Linux-Fsdevel Archive on lore.kernel.org
 help / color / Atom feed
From: Lennart Poettering <mzxreary@0pointer.de>
To: Matthew Wilcox <willy@infradead.org>
Cc: "Matteo Croce" <mcroce@linux.microsoft.com>,
	linux-block@vger.kernel.org, linux-fsdevel@vger.kernel.org,
	linux-kernel@vger.kernel.org, "Luca Boccassi" <bluca@debian.org>,
	"Jens Axboe" <axboe@kernel.dk>,
	"Alexander Viro" <viro@zeniv.linux.org.uk>,
	"Damien Le Moal" <damien.lemoal@wdc.com>,
	"Tejun Heo" <tj@kernel.org>,
	"Javier González" <javier@javigon.com>,
	"Niklas Cassel" <niklas.cassel@wdc.com>,
	"Johannes Thumshirn" <johannes.thumshirn@wdc.com>,
	"Hannes Reinecke" <hare@suse.de>
Subject: Re: [PATCH -next 1/5] block: add disk sequence number
Date: Mon, 15 Mar 2021 22:32:35 +0100
Message-ID: <YE/ScxsHLAI49Ba1@gardel-login> (raw)
In-Reply-To: <20210315210452.GC2577561@casper.infradead.org>

On Mo, 15.03.21 21:04, Matthew Wilcox (willy@infradead.org) wrote:

> On Mon, Mar 15, 2021 at 08:18:24PM +0000, Matthew Wilcox wrote:
> > On Mon, Mar 15, 2021 at 09:02:38PM +0100, Matteo Croce wrote:
> > > From: Matteo Croce <mcroce@microsoft.com>
> > >
> > > Add a sequence number to the disk devices. This number is put in the
> > > uevent so userspace can correlate events when a driver reuses a device,
> > > like the loop one.
> >
> > Should this be documented as monotonically increasing?  I think this
> > is actually a media identifier.  Consider (if you will) a floppy disc.
> > Back when such things were common, it was possible with personal computers
> > of the era to have multiple floppy discs "in play" and be prompted to
> > insert them as needed.  So shouldn't it be possible to support something
> > similar here -- you're really removing the media from the loop device.
> > With a monotonically increasing number, you're always destroying the
> > media when you remove it, but in principle, it should be possible to
> > reinsert the same media and have the same media identifier number.
>
> So ... a lot of devices have UUIDs or similar.  eg:
>
> $ cat /sys/block/nvme0n1/uuid
> e8238fa6-bf53-0001-001b-448b49cec94f
>
> https://linux.die.net/man/8/scsi_id (for scsi)
>
> how about making this way more generic; create an xattr on a file to
> store the uuid (if one doesn't already exist) whenever it's used as the
> base for a loop device.  then sysfs (or whatever) can report the contents
> of that xattr as the unique id.
>
> That can be mostly in userspace -- losetup can create it, and read it.
> It can be passed in as the first two current-reserved __u64 entries in
> loop_config.  The only kernel change should be creating the sysfs
> entry /sys/block/loopN/uuid from those two array entries.

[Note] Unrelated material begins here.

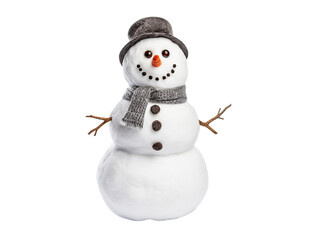 Merry snowman in a hat and scarf, cut out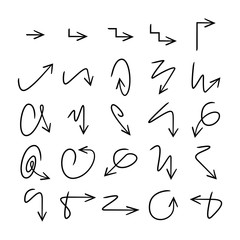 doodle and hand drawn arrow icons set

As a (part-time) maintainer of udev: as one major likely consumer of
this I'd *really* prefer some concept here that works without
`losetup` needing to be patched. i.e. we have plenty userspace that
calls LOOP_CONFIGURE or LOOP_SET_FD, not just losetup, and we'd have
to patch them all. In particular in a world of containers it's even
worse: people probably will continue to use old userspaces (mixed with
newer ones) for a very long time (decades!), and those old userpace
won't fill in the fields for the ioctl hence.

Hence, for me it would be essential to have an identifier that is
assigned by the kernel, instead of requiring userspace to assign it,
because userspace won't for a long long time.

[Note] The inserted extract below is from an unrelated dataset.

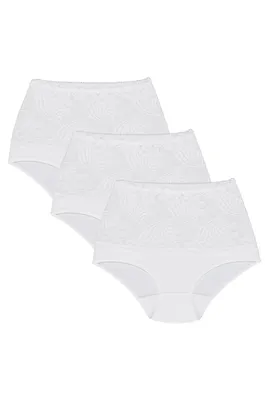 Produktbild von Wolbar damen y shapewear-slips 3-er pack spitze miederslip hohe taille figurformende wb207, weiß, l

I'd be OK with a hybrid approach where userspace *can* fill
something in, but doesn't have to in which case the kernel would fill
it in.

That all said, I very much prefer if we'd use a kernel-enforced
"sequence number" or "generation counter" or so for this instead of a
uuid or random cookie or so. Why? because it allows userspace that
monitors things to derive ordering from these ids: when you watch
these events and see a uevent for a device seqno=4711 then you know
that it is from an earlier use than one you see for seqno=8878. UUIDs
can't give you that. That's in particular a nice property since
uevents/netlink are not a reliable transport: messages can get lost
when the socket buffers overrun, or when udev as the uevent broker
gets overloaded. Hence, for a userspace program it's kinda nice to
know whether it' worth waiting for a specific loop device use or if
it's clear that ship has sailed already: i.e. if my own use of a
specific loop device gets seqno 777 then I know it still makes sense
to wait for appropriate uevents as long as I see seqno <= 776. But if
we I see seqneo >= 778 then I know it's not worth waiting anymore and
one component in the uevent message chain has dropped my messages.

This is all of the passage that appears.